Please repeat exactly the lines below from the line with "107 - NEWPORT" to the line with "Kampanye akbar calon", including both, and leave out every picture.

## [Material shown]
========================================================================

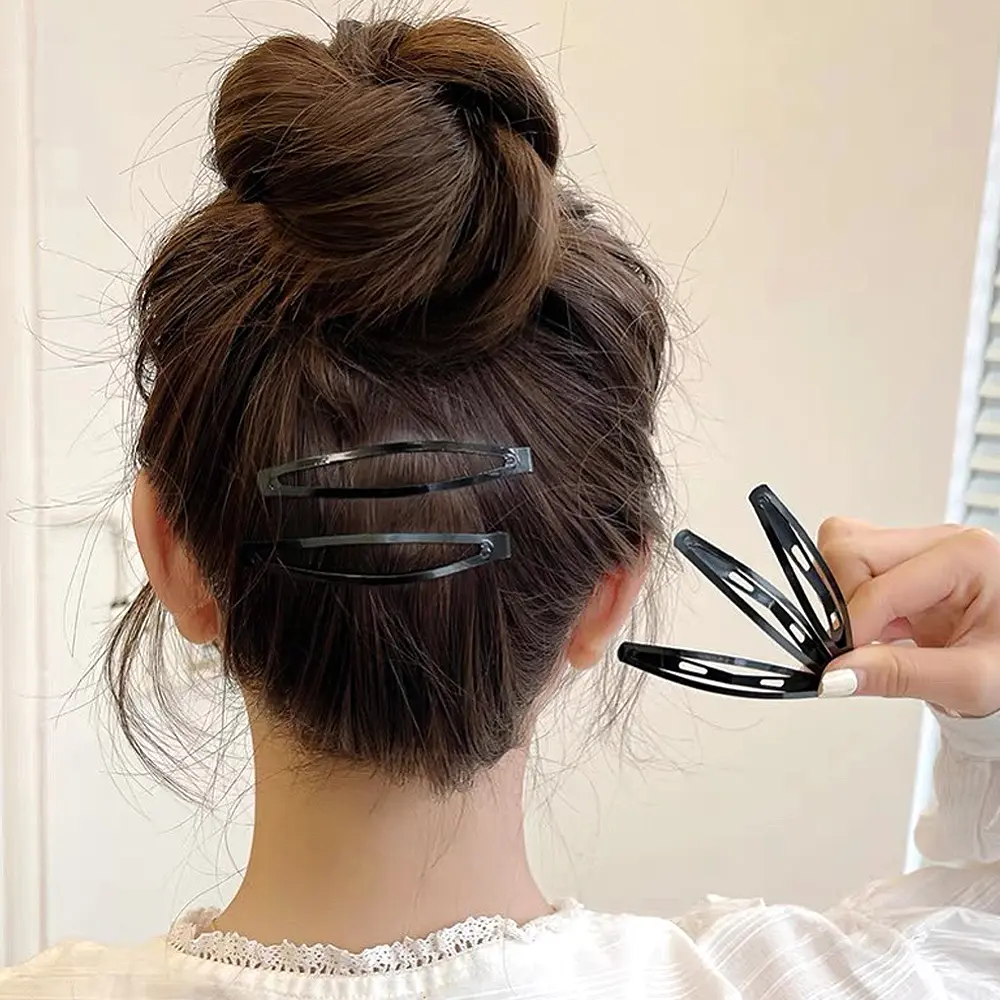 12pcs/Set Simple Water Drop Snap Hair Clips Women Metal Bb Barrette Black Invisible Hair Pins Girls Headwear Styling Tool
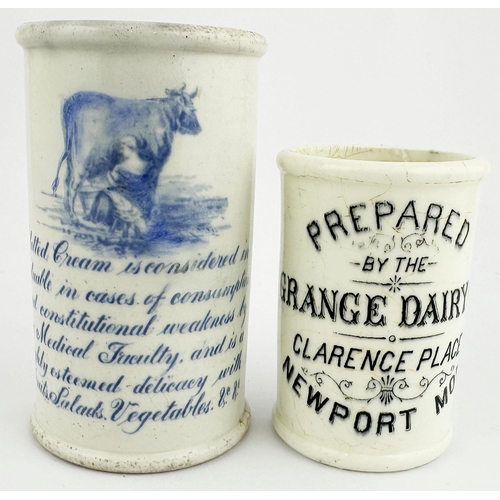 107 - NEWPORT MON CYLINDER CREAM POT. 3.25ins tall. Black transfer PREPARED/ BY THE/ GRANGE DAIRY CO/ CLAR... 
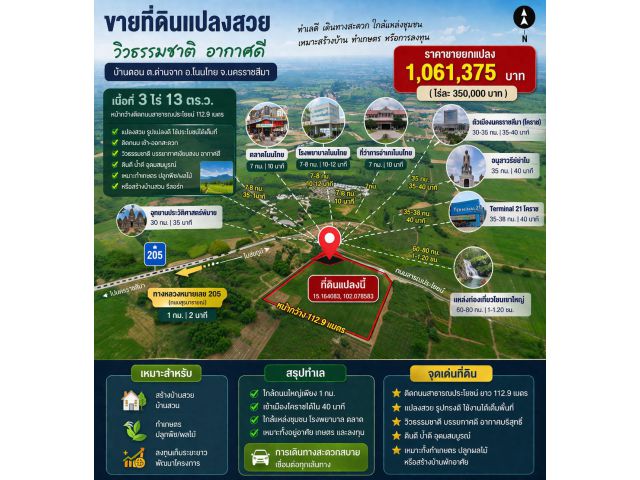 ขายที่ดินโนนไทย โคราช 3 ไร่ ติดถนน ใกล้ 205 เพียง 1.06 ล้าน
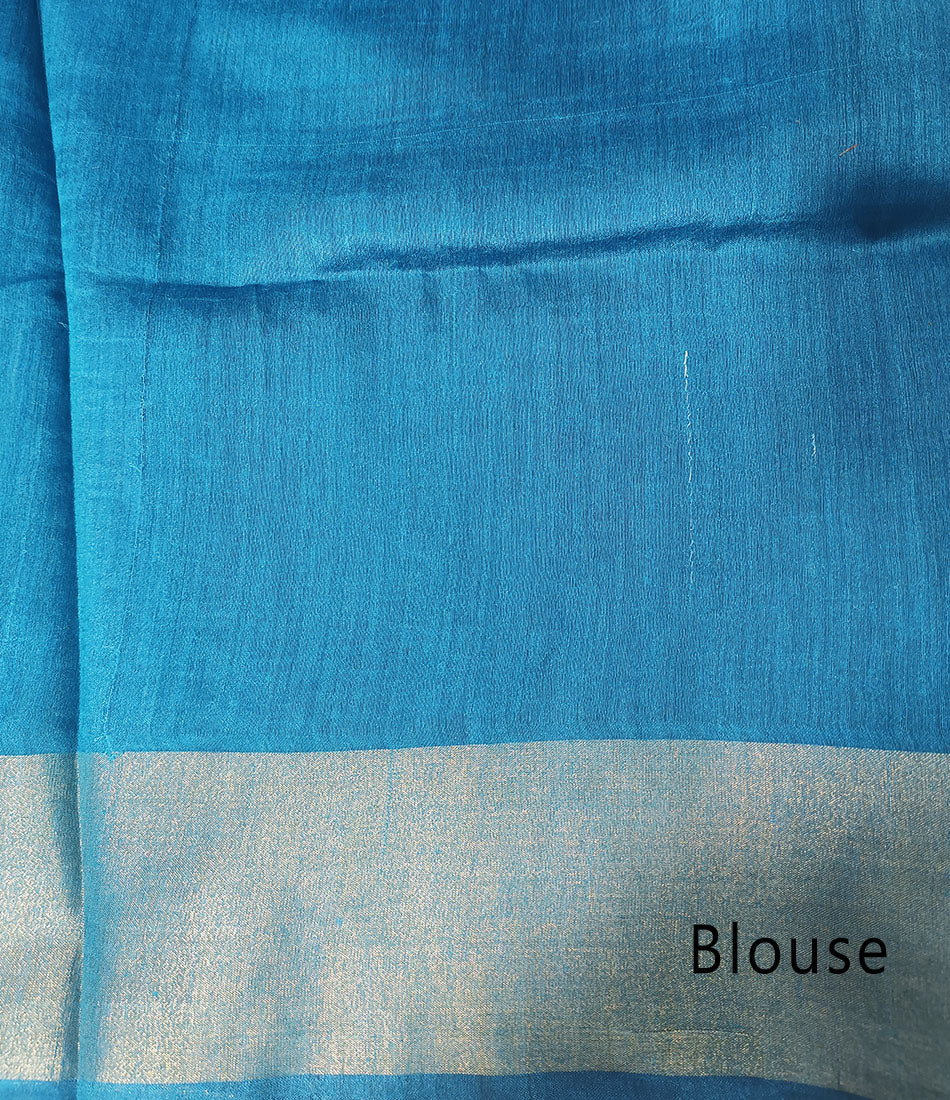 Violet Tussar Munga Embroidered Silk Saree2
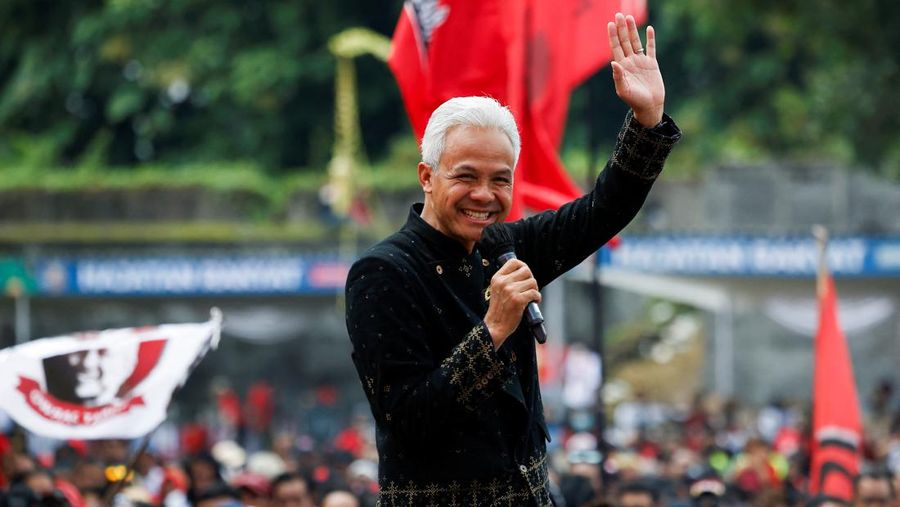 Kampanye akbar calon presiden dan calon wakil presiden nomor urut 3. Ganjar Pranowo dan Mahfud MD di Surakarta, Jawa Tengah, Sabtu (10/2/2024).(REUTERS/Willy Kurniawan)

========================================================================

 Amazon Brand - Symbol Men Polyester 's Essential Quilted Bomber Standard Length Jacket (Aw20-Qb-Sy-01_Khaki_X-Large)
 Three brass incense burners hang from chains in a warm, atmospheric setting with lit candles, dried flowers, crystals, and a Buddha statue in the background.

========================================================================

## [Written answer]
 107 - NEWPORT MON CYLINDER CREAM POT. 3.25ins tall. Black transfer PREPARED/ BY THE/ GRANGE DAIRY CO/ CLAR... 
 ขายที่ดินโนนไทย โคราช 3 ไร่ ติดถนน ใกล้ 205 เพียง 1.06 ล้าน
 Violet Tussar Munga Embroidered Silk Saree2
 Kampanye akbar calon presiden dan calon wakil presiden nomor urut 3. Ganjar Pranowo dan Mahfud MD di Surakarta, Jawa Tengah, Sabtu (10/2/2024).(REUTERS/Willy Kurniawan)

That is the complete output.